Mitigating cost concerns, NGN is involved with an NIA-funded innovation project called System Two Access and Seal (Stass) that has allowed the company to embrace robotics to deliver speedier repairs and maintenance across its underground network.
The company's "robo-engineer" can travel up to 250m along the length of an underground gas pipe to carry out a repair. It is equipped with a camera that transmits live footage of a pipe's condition and it can treat imperfections in a pipe by applying a "flexspray".
Nicknamed Stan, the robot is being used on large diameter pipe projects, which can be particularly disruptive to motorists, and expensive to carry out. The company says it is currently using robotics on an average of two jobs every week, saving time and money, and reducing disruption for customers, by limiting the number and size of holes that need to be excavated.

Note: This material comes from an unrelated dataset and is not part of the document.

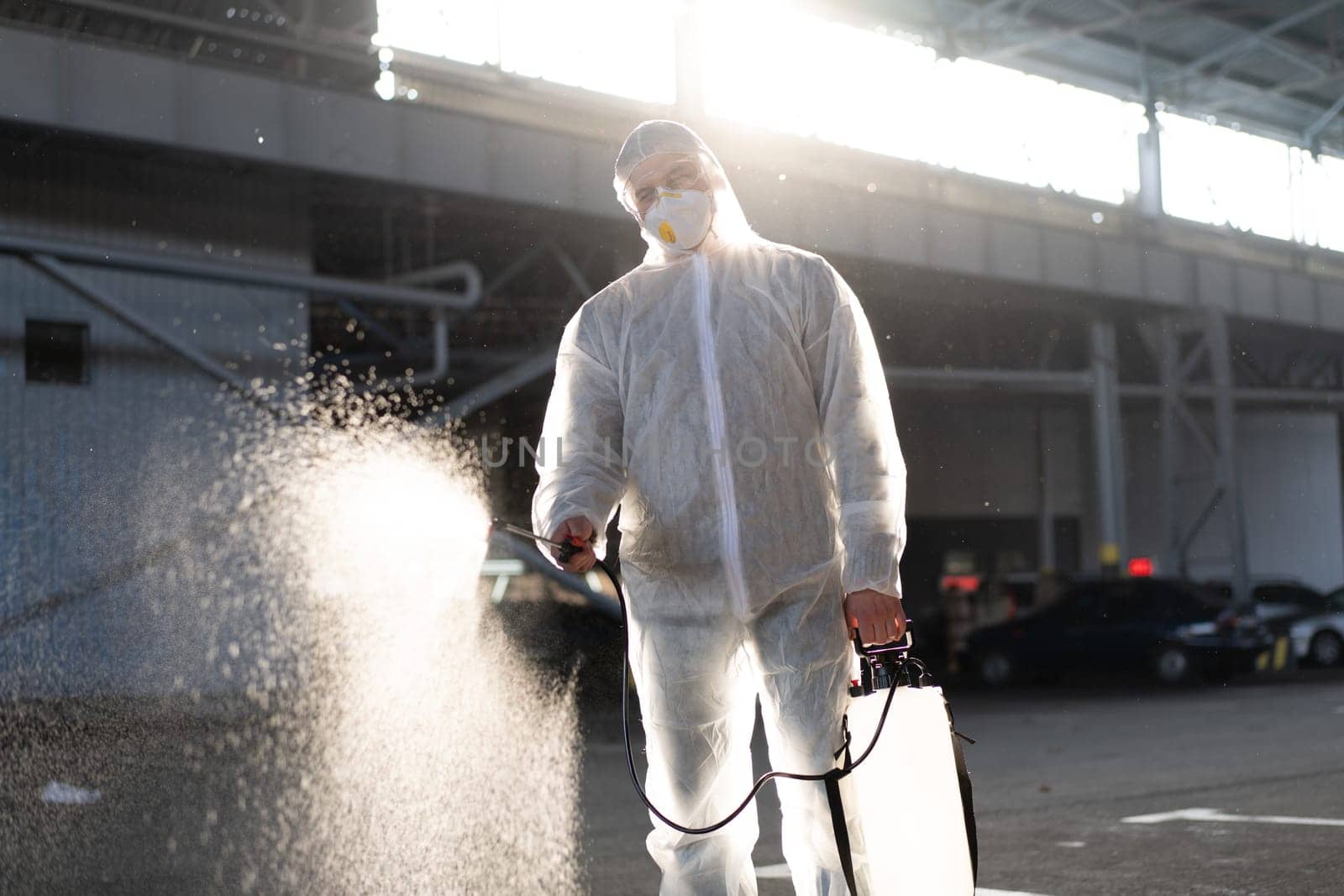 Man dressed white protective overalls spraying surface antibacterial sanitizer sprayer during quarantine Caucasian person protective suit disinfects parking during covid pandemic backlight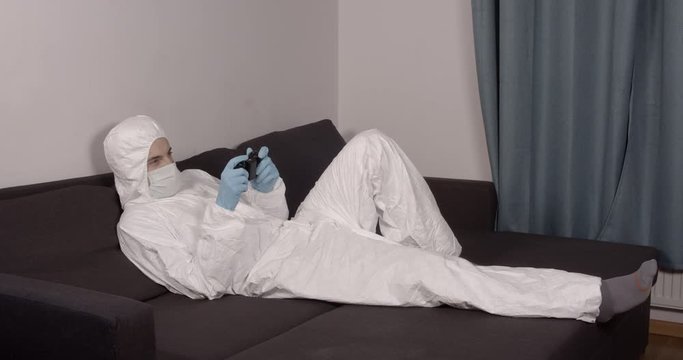 Portrait of young male person relaxing and resting on a black living room couch in protective suit playing video games on a gaming console during pandemic coronavirus quarantine time 4K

Hynes-Cooper added: "By using the robot, we can reduce the number of holes we need to dig to carry out routine repairs and maintenance on our larger pipes. This is good news for motorists, as it means fewer roadworks, and good news for the environment, as we don't need to dig as many holes.
"Stan will also help us keep customers' bills affordable. Early indications are that we can save £2,000 per job, by getting the work done more quickly and efficiently."
The robotic platform is delivered as an in-house service by NGN operators and allows the capture of asset data at a more economical rate - an increasingly useful tool as the network seeks to become more resilient to future demand.
"As we move to a smarter, more flexible energy system, the availability of data that can confirm the condition and performance of assets is crucial," says Hynes-Cooper. Indeed, any change on network demand, transportation requirements and whole-system solutions must be underpinned by accurate data and a comprehensive understanding of asset condition.
As the industry looks to the smarter, more flexible energy system of the future, there remains the consistent objective to improve network resilience while simultaneously driving down costs.
"Both of these are possible," insists Barnfather. "But it will require a shift in mindset away from centralised planning around assumed scenarios and a move towards more dynamic, data-driven decision making."